The input:
=-=-=-=-=

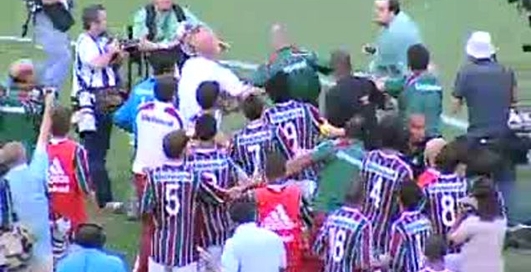 Массовый беспредел на футбольном поле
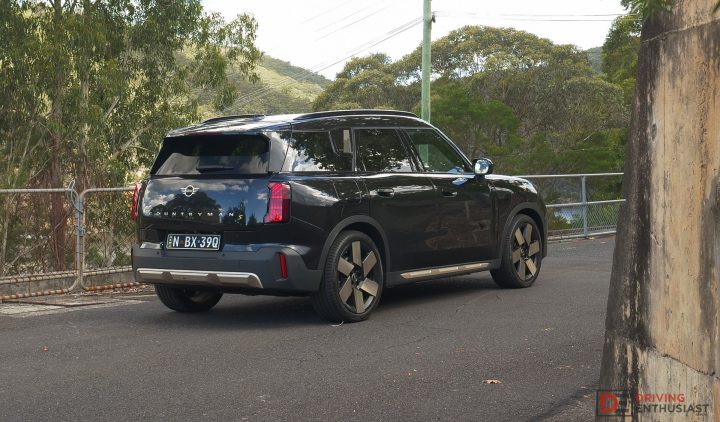 2026 MINI Countryman SE Favoured - rear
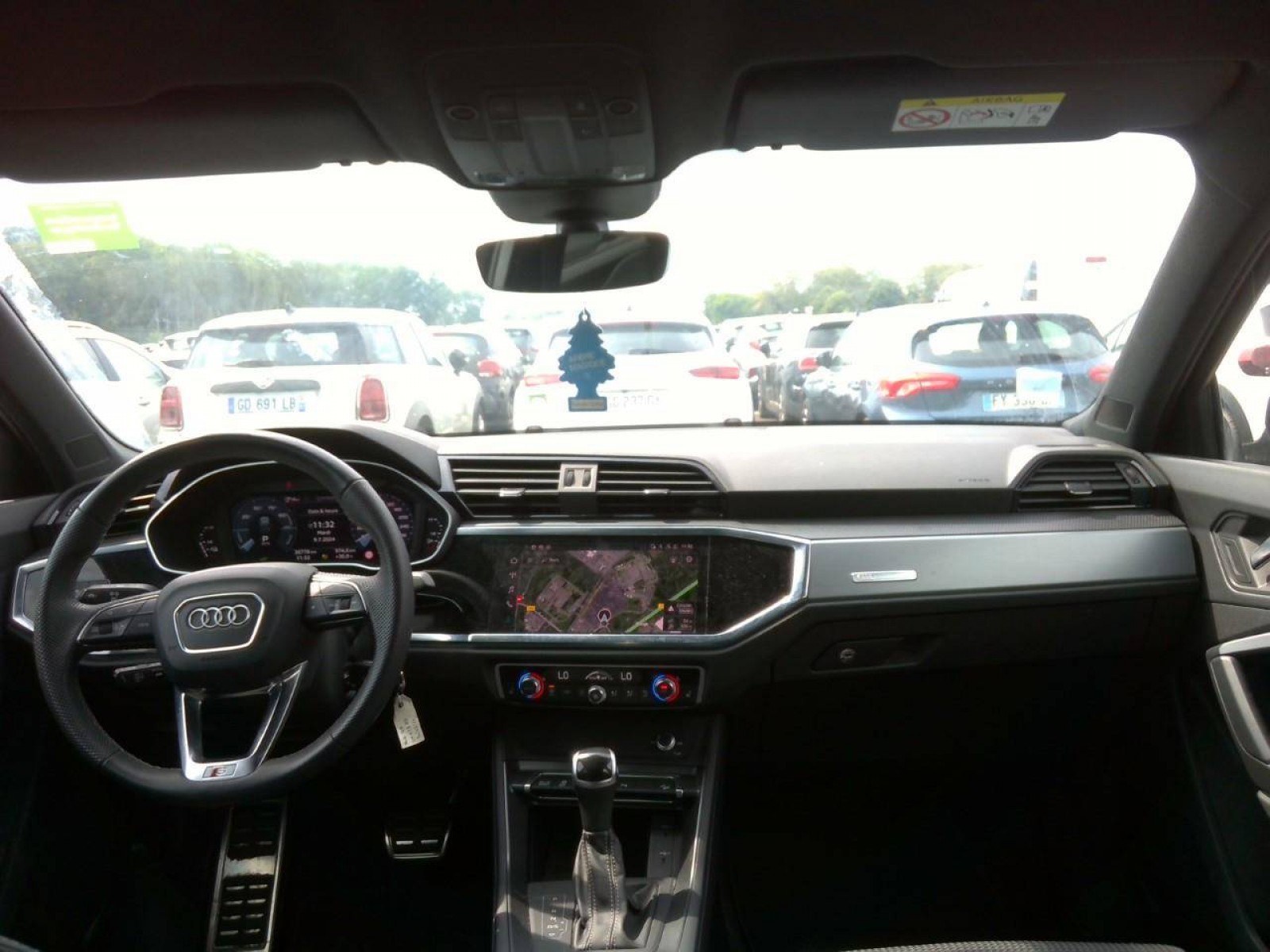 AUDI - Q3 SPORTBACK - #266693 - 3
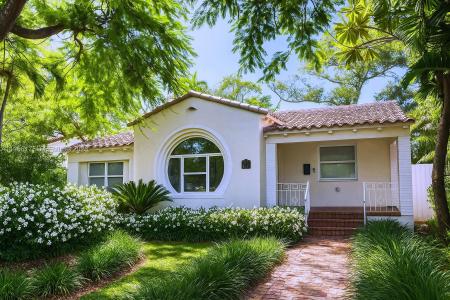 775 NE 76th St, Miami, Florida 33138, USA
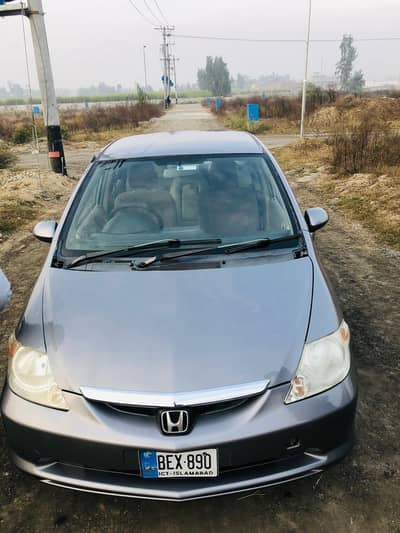 family use car hondq city only 90000 km use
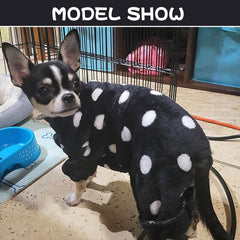 Pijama Sebaoyu de franela para perros pequeños, ideal para sesiones de fotos y fiestas.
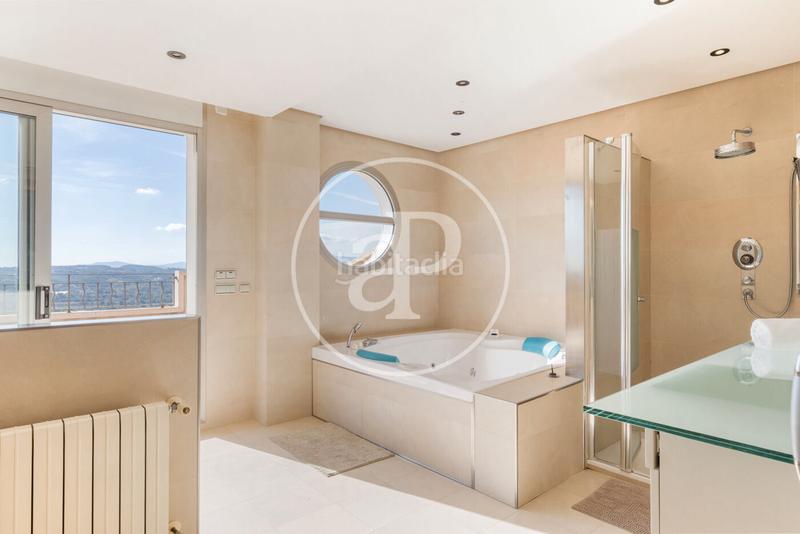 Foto 875b0af9-eb37-4cd7-8b33-d7c0fb38619c. Maison avec chauffage parking piscine dans Cumbres de Calicanto Torrent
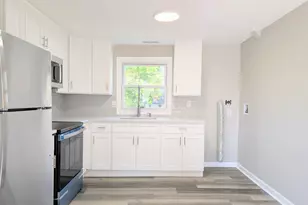 945 Ella T Grasso Blvd, New Haven, CT 06511 - Photo 9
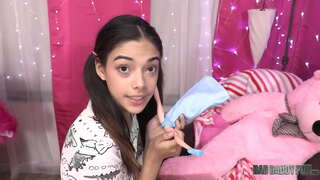 BadDaddyPOV - Blondynka przybraną córką Uprawia sex z ojczymem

=-=-=-=-=

What this task involves:
Reproduce word for word the lines running from the line with "775 NE 76th St, Miami, Florida 33138, USA" through the end of the data, both included, and nothing else; leave out the pictures.

Exercise response:
 775 NE 76th St, Miami, Florida 33138, USA
 family use car hondq city only 90000 km use
 Pijama Sebaoyu de franela para perros pequeños, ideal para sesiones de fotos y fiestas.
 Foto 875b0af9-eb37-4cd7-8b33-d7c0fb38619c. Maison avec chauffage parking piscine dans Cumbres de Calicanto Torrent
 945 Ella T Grasso Blvd, New Haven, CT 06511 - Photo 9
 BadDaddyPOV - Blondynka przybraną córką Uprawia sex z ojczymem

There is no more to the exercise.